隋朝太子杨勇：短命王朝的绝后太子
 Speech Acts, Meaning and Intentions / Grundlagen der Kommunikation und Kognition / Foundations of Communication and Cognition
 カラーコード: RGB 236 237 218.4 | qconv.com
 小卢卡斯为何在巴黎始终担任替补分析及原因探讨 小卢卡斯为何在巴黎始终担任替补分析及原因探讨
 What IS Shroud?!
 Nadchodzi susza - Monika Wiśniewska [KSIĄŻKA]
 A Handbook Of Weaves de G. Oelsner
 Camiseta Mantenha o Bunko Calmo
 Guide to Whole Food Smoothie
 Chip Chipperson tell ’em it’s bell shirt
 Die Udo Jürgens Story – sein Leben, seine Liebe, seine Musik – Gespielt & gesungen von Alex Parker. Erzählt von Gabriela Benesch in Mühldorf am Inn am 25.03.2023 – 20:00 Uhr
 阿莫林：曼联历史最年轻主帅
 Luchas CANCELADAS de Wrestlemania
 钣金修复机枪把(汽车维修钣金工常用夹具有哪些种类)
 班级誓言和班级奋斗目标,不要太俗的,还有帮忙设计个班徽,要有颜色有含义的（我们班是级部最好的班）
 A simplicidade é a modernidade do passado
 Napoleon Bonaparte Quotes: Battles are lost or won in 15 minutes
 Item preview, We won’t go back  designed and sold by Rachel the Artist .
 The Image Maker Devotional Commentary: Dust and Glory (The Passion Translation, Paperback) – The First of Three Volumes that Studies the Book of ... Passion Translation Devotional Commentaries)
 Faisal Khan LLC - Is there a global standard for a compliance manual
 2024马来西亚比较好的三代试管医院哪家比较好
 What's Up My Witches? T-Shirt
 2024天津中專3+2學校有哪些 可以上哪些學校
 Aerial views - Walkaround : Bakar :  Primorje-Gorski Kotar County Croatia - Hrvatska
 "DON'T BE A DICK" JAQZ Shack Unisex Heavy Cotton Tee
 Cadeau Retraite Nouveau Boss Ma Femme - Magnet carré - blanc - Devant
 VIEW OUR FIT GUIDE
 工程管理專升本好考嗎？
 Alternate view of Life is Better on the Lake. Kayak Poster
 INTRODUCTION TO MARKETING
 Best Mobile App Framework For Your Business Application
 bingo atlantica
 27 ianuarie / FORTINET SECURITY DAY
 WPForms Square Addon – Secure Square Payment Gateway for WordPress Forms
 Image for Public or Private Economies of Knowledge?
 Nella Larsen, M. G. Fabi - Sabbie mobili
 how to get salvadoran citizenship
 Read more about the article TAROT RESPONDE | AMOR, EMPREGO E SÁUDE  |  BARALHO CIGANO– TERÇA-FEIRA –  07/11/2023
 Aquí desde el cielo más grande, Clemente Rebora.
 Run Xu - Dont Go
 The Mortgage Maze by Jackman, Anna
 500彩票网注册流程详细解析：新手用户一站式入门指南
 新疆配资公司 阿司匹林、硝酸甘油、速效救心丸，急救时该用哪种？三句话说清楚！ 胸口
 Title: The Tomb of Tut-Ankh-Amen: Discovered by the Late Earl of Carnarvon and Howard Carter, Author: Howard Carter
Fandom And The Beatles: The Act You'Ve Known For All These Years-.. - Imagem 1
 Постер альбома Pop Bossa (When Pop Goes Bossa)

━━━━━━

## Required work
Restate, word for word, the final stretch of the entries above: the line containing "VIEW OUR FIT GUIDE" and every line after it, up to and including the last.

## Exercise result
 VIEW OUR FIT GUIDE
 工程管理專升本好考嗎？
 Alternate view of Life is Better on the Lake. Kayak Poster
 INTRODUCTION TO MARKETING
 Best Mobile App Framework For Your Business Application
 bingo atlantica
 27 ianuarie / FORTINET SECURITY DAY
 WPForms Square Addon – Secure Square Payment Gateway for WordPress Forms
 Image for Public or Private Economies of Knowledge?
 Nella Larsen, M. G. Fabi - Sabbie mobili
 how to get salvadoran citizenship
 Read more about the article TAROT RESPONDE | AMOR, EMPREGO E SÁUDE  |  BARALHO CIGANO– TERÇA-FEIRA –  07/11/2023
 Aquí desde el cielo más grande, Clemente Rebora.
 Run Xu - Dont Go
 The Mortgage Maze by Jackman, Anna
 500彩票网注册流程详细解析：新手用户一站式入门指南
 新疆配资公司 阿司匹林、硝酸甘油、速效救心丸，急救时该用哪种？三句话说清楚！ 胸口
 Title: The Tomb of Tut-Ankh-Amen: Discovered by the Late Earl of Carnarvon and Howard Carter, Author: Howard Carter
Fandom And The Beatles: The Act You'Ve Known For All These Years-.. - Imagem 1
 Постер альбома Pop Bossa (When Pop Goes Bossa)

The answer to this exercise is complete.